男の人ならともかく、これは正直女性には結構大変。
サラさんやビッキーさんはこれを職業にしてるとは…なんてパワフルなんだろう。
預かってもらっていたバッグを受け取る。
呼吸を整えて大分頭のスッキリしてきたローラは、改めてバレルにお礼の気持ちを伝えた。

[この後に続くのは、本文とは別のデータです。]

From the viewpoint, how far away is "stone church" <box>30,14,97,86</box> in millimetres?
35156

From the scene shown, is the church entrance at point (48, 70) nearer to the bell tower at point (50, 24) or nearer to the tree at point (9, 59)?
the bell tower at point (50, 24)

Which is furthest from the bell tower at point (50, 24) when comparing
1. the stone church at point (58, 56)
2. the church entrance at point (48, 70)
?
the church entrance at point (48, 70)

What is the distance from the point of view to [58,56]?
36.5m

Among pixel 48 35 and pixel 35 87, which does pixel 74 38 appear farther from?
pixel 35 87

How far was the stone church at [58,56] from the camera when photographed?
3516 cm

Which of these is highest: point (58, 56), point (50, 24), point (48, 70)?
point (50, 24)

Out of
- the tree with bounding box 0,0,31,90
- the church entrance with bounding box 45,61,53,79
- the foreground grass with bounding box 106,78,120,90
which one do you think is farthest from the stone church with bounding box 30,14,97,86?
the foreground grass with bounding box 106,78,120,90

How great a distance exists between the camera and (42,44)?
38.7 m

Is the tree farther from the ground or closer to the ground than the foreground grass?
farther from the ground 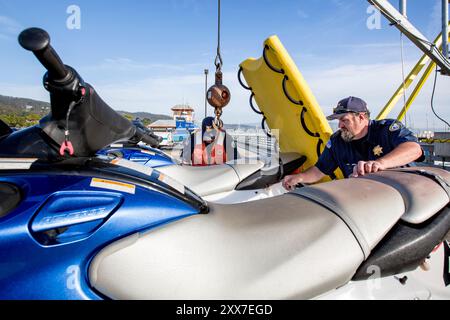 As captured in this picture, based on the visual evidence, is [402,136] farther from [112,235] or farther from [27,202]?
[27,202]

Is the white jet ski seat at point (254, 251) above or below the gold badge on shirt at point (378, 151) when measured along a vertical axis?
below

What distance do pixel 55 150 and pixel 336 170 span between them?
99.6 inches

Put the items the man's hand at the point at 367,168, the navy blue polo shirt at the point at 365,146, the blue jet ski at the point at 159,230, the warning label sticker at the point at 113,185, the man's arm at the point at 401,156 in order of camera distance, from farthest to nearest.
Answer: the navy blue polo shirt at the point at 365,146
the man's arm at the point at 401,156
the man's hand at the point at 367,168
the warning label sticker at the point at 113,185
the blue jet ski at the point at 159,230

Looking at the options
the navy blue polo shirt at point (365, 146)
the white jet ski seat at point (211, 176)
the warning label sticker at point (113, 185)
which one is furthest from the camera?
the white jet ski seat at point (211, 176)

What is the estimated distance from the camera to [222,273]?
811 mm

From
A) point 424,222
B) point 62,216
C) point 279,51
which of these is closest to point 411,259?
point 424,222

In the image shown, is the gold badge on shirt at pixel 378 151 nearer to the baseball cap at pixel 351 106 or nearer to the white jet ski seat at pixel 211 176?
the baseball cap at pixel 351 106

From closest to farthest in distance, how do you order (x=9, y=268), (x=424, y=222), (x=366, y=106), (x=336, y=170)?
(x=9, y=268) → (x=424, y=222) → (x=366, y=106) → (x=336, y=170)

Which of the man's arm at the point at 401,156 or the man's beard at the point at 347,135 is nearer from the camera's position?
the man's arm at the point at 401,156

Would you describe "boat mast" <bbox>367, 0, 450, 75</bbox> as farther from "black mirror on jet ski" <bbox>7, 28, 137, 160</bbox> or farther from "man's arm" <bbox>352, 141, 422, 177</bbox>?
"black mirror on jet ski" <bbox>7, 28, 137, 160</bbox>

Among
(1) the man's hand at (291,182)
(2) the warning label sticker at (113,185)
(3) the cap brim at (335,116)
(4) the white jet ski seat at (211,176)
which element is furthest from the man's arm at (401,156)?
(2) the warning label sticker at (113,185)

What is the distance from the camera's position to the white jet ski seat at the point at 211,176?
2.55 m

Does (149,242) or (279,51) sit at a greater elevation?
(279,51)

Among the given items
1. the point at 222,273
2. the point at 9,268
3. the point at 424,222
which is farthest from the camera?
the point at 424,222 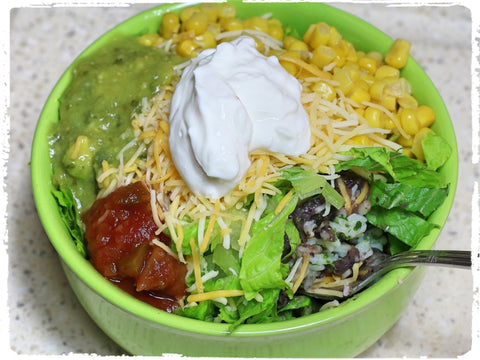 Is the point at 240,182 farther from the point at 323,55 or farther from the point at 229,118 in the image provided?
the point at 323,55

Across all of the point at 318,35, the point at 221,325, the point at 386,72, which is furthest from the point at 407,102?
the point at 221,325

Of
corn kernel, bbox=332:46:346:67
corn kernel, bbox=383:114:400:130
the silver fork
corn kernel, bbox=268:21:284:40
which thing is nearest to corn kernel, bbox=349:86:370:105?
corn kernel, bbox=383:114:400:130

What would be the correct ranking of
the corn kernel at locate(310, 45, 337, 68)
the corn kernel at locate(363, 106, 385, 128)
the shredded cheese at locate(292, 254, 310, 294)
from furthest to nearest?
the corn kernel at locate(310, 45, 337, 68)
the corn kernel at locate(363, 106, 385, 128)
the shredded cheese at locate(292, 254, 310, 294)

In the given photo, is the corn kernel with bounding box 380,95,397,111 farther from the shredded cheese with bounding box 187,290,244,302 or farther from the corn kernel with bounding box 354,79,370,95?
the shredded cheese with bounding box 187,290,244,302

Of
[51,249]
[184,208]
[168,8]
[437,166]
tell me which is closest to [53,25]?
[168,8]

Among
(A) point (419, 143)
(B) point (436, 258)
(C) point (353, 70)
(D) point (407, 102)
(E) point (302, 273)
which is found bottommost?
(E) point (302, 273) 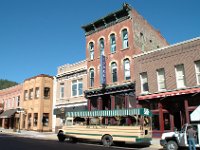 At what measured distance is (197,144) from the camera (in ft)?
46.2

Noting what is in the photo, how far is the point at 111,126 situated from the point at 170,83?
734 cm

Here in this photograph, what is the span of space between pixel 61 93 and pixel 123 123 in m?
17.1

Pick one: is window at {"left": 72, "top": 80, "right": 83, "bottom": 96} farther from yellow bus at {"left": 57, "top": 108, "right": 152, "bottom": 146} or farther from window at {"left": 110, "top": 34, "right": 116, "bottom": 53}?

「送ってもらってありがとうございました、バレルさん」
「別にいい。それよりも今後俺の家には絶対に来んな」
「…っ。は…はい」
再び念入りに訪問を拒否されてしまった。
そこまで何度も言われると切ないけど、彼の真剣な顔を見たら断れない。
今は家に入られたくない事情があるんだと信じたい。
そう思っていた矢先。
彼は更に思いがけない事を口にした。
「それから、仕事以外の外出は出来るだけ控えろ」
「え?」
な…なにそれ?
外出を控えろ?
家に入られたくないだけじゃないんですか…?
そんなの聞いてない…
「バレルさんっ…あの…」
「あ?」
「何か…あったんじゃないですか?」
ヘルメットを被ろうとしている所を勇気を振り絞って訊いてみた。
だってこんなバレルさんの姿、初めてだもの。
よく見るとまた絆創膏の数が増えている。
何もなかったはずがない。
だけど…
「…何もねぇ」
目を逸らされ
ヘルメットを被りながら彼は小さく答えた。
本当に?
嘘を言っているんじゃないですか?
バレルさん。
問い詰めたかったけど、そこまで彼に迫れる勇気は今の私にはなかった。
「帰んのはいつだ?」
「えっと…今月の最終日です」
「わかった。向こうに帰る時はまた電話しろ」
ヘルメットを被っているから、こもったように聞こえる声。
鍵を回し、再びバイクのエンジンがかけられた。
「あっ…最後にバレルさん、待ってください!」
「………。」
何かを思い出したのか、持っていたピンクのバッグに慌てて手を入れるローラ。
その手から引き抜かれたのはお菓子の袋だ。
黄色のリボンで留められた、中身はチョコレートクッキー。
「お土産です」
「いらん」
「いいから貰ってください!」
ここは無理やりバイクの後ろを開けて、その袋を入れる。
せめてこれだけでも。
せっかく貴方を思って買った物なんだから。
「………。」
「大丈夫です。お家には行きませんから。事故しないように帰ってください」
「チッ」
ブオオオオオ!
エンジンをふかし、最後にされたのはいつもの冷たい舌打ち。
これが彼の照れ隠しなんだって、今ならわかりますよ。
じゃぁなも言わずに、音を立てて走り出した彼を乗せたバイク。
その背中を目で追い、そして無意識にため息が漏れた。
街の角を曲がってしまうと、もうその姿は見えない。